The sensing system 118 can include one or more sensors that may sense the spatial disposition, velocity, and/or acceleration of the movable object 104 (e.g., with respect to various degrees of translation and various degrees of rotation). The one or more sensors can include any of the sensors, including GPS sensors, real-time kinematic (RTK) sensors, motion sensors, inertial sensors, proximity sensors, or image sensors. The sensing data provided by the sensing system 118 can be used to control the spatial disposition, velocity, and/or orientation of the movable object 104 (e.g., using a suitable processing unit and/or control module). Alternatively, the sensing system 118 can be used to provide data regarding the environment surrounding the movable object, such as weather conditions, proximity to potential obstacles, location of geographical features, location of manmade structures, and the like.

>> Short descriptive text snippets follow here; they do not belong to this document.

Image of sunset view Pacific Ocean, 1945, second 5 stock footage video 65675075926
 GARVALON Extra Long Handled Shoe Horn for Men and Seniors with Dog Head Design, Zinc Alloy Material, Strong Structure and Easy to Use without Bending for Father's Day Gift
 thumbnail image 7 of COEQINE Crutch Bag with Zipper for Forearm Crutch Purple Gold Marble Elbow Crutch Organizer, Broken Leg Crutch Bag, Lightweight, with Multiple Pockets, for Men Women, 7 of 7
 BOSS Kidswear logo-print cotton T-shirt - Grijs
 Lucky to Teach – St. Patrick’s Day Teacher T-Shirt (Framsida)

The communication system 120B enables communication with client device 110 via communication link 106, which may include various wired and/or wireless technologies as discussed above, and communication system 120A. The communication system 120A or 120B may include any number of transmitters, receivers, and/or transceivers suitable for wireless communication. The communication may be one-way communication, such that data can be transmitted in only one direction. For example, one-way communication may involve only the movable object 104 transmitting data to the client device 110, or vice-versa. The data may be transmitted from one or more transmitters of the communication system 120B of the movable object 104 to one or more receivers of the communication system 120A of the client device 110, or vice-versa. Alternatively, the communication may be two-way communication, such that data can be transmitted in both directions between the movable object 104 and the client device 110. The two-way communication can involve transmitting data from one or more transmitters of the communication system 120B of the movable object 104 to one or more receivers of the communication system 120A of the client device 110, and transmitting data from one or more transmitters of the communication system 120A of the client device 110 to one or more receivers of the communication system 120B of the movable object 104.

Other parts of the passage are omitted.